Task instructions
Transcribe only the lines in the data below falling between the line with "Grote C pony" and the line with "ホームページ制作 京都 2018新年", including those two lines, and leave out any picture.

• • •

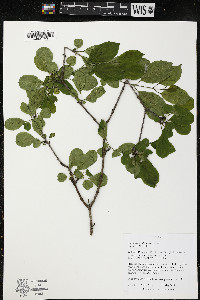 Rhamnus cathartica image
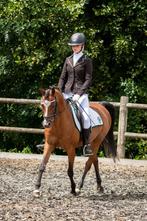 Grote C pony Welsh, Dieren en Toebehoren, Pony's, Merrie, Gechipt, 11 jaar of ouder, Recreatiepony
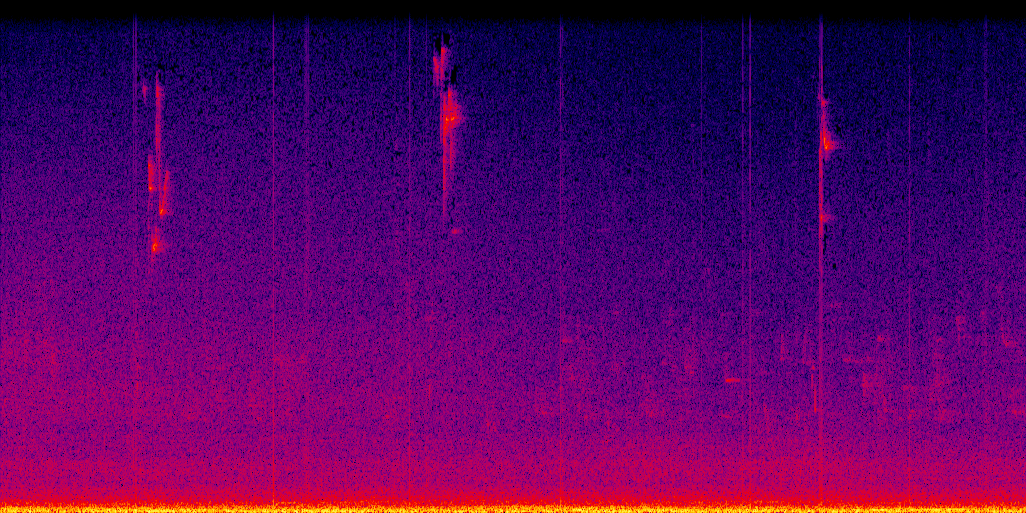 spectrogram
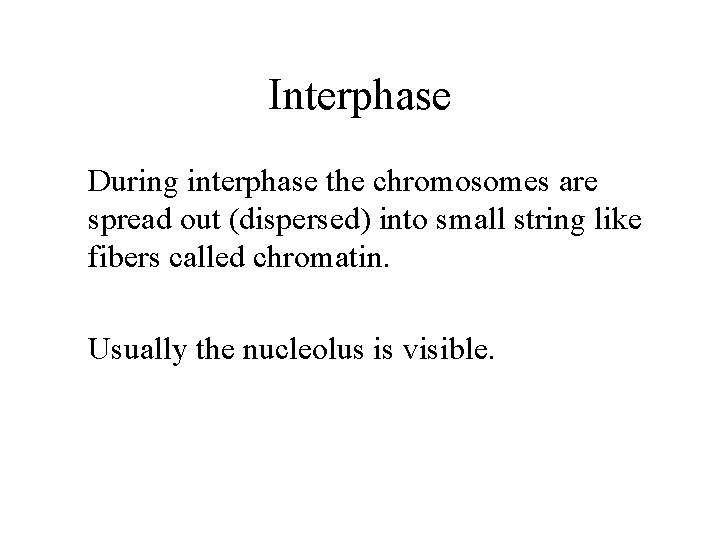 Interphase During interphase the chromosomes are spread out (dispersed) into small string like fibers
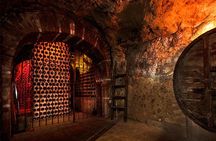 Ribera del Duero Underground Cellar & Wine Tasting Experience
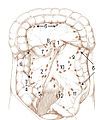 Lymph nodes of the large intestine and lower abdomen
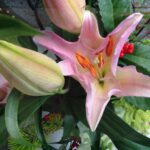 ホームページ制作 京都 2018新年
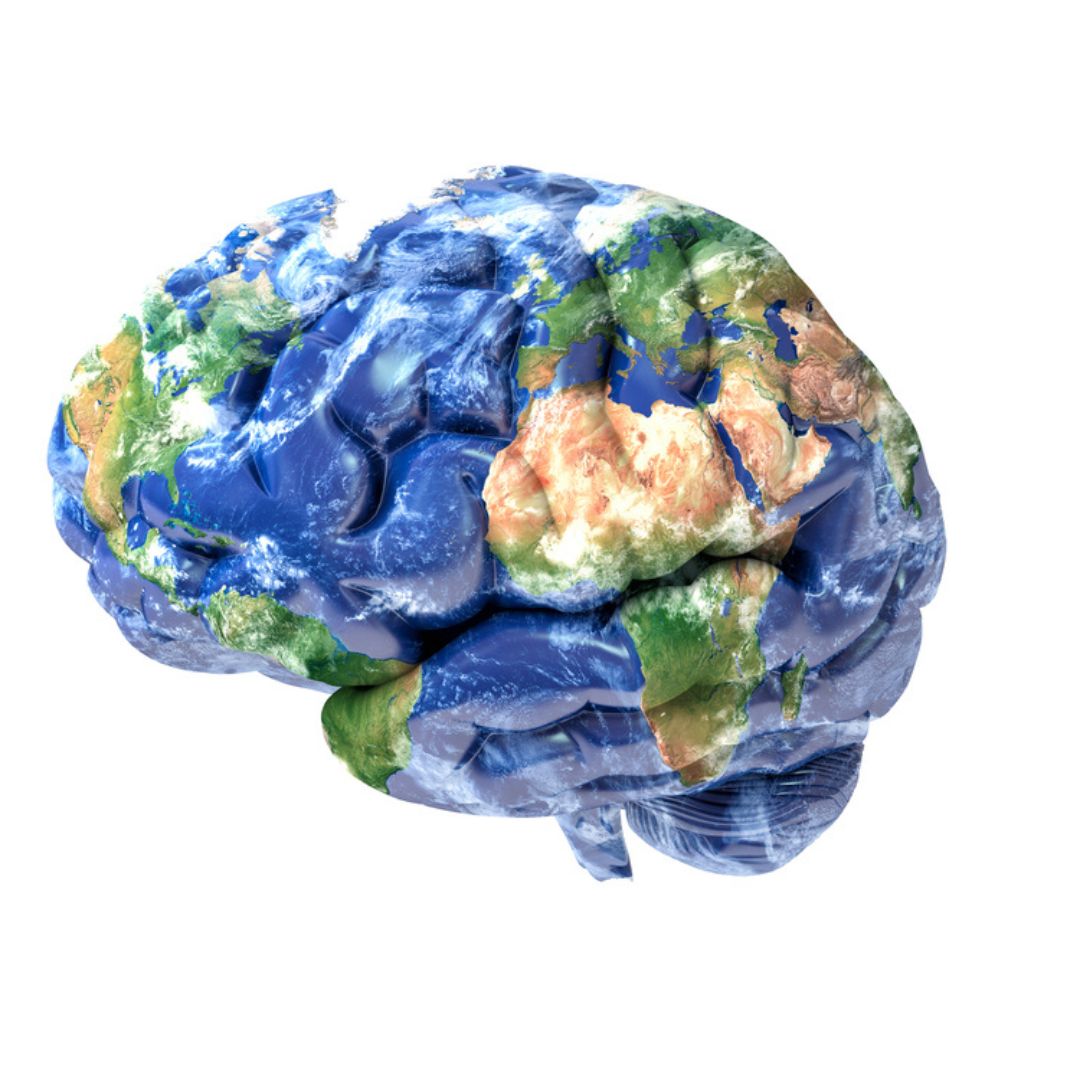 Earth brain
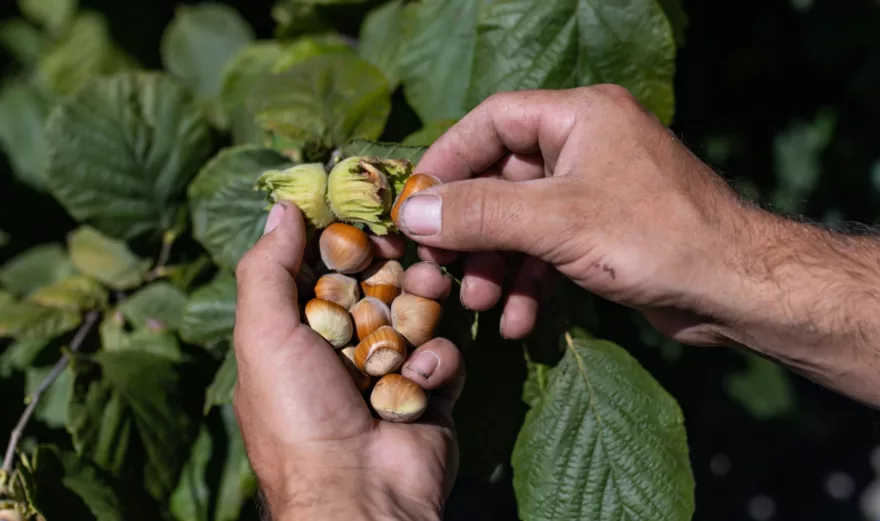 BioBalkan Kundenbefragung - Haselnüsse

• • •

Response for this exercise
 Grote C pony Welsh, Dieren en Toebehoren, Pony's, Merrie, Gechipt, 11 jaar of ouder, Recreatiepony
 spectrogram
 Interphase During interphase the chromosomes are spread out (dispersed) into small string like fibers
 Ribera del Duero Underground Cellar & Wine Tasting Experience
 Lymph nodes of the large intestine and lower abdomen
 ホームページ制作 京都 2018新年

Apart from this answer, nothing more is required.